- _Work to be completed_
Where the listing shows an image, skip it and output all other material unchanged.

- _Information provided_
▽

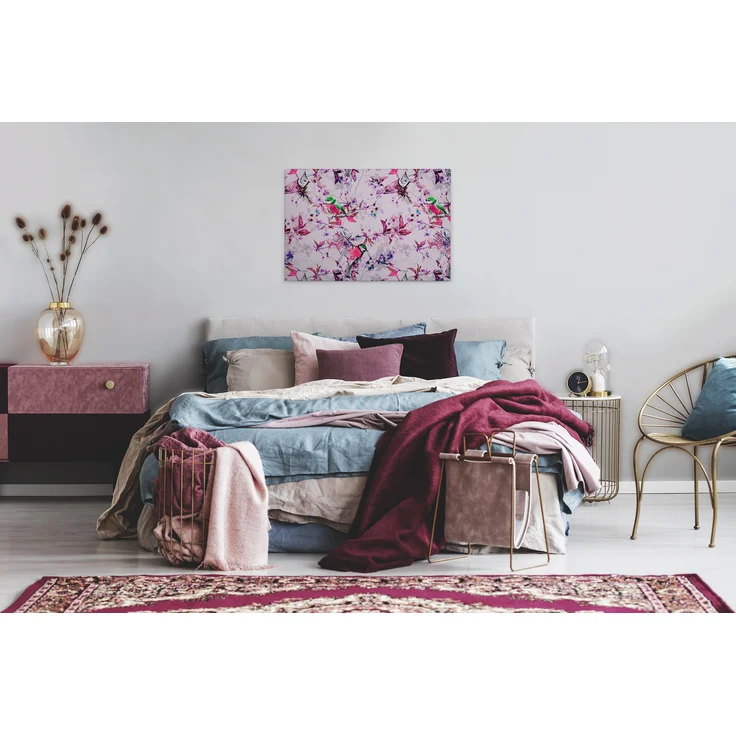 Vögel Leinwandbild Rosa Blau 90x60 DD120350 Keilrahmenbild Wandbild Leinwand – Bild 5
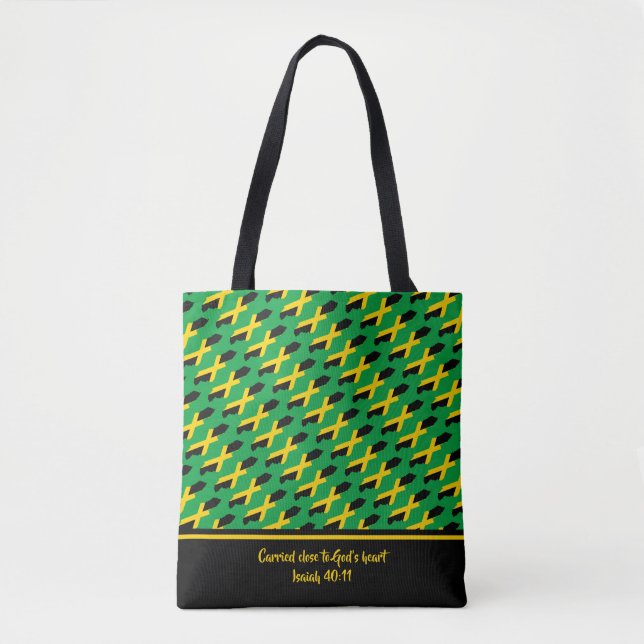 Christian Scripture JAMAICA Isaiah GREEN Tote Bag (Front)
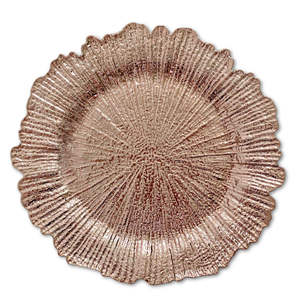 أطباق تقديم بلاستيكية للزفاف بالجملة، أطباق زينة مقاس 13 بوصة بتصميم الشعاب المرجانية الذهبية، أطباق أكريليك لتزيين طاولات الزفاف - Product Image 6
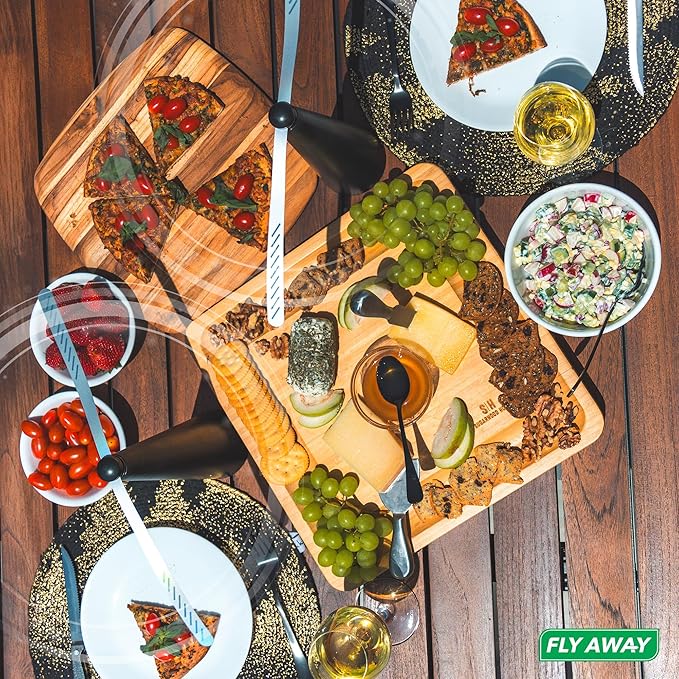 Fly Away - 4 Pack Outdoor Fly Repellent Fan, Outside or Inside Table use, Restaurant, Barbeque, Events, Deter Flies, Wasps, Bees, Other Moscas and Bugs Away, Battery Operated, Tabletop, Hanging Hook.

△

- _Response area_
 Vögel Leinwandbild Rosa Blau 90x60 DD120350 Keilrahmenbild Wandbild Leinwand – Bild 5
 Christian Scripture JAMAICA Isaiah GREEN Tote Bag (Front)
 أطباق تقديم بلاستيكية للزفاف بالجملة، أطباق زينة مقاس 13 بوصة بتصميم الشعاب المرجانية الذهبية، أطباق أكريليك لتزيين طاولات الزفاف - Product Image 6
 Fly Away - 4 Pack Outdoor Fly Repellent Fan, Outside or Inside Table use, Restaurant, Barbeque, Events, Deter Flies, Wasps, Bees, Other Moscas and Bugs Away, Battery Operated, Tabletop, Hanging Hook.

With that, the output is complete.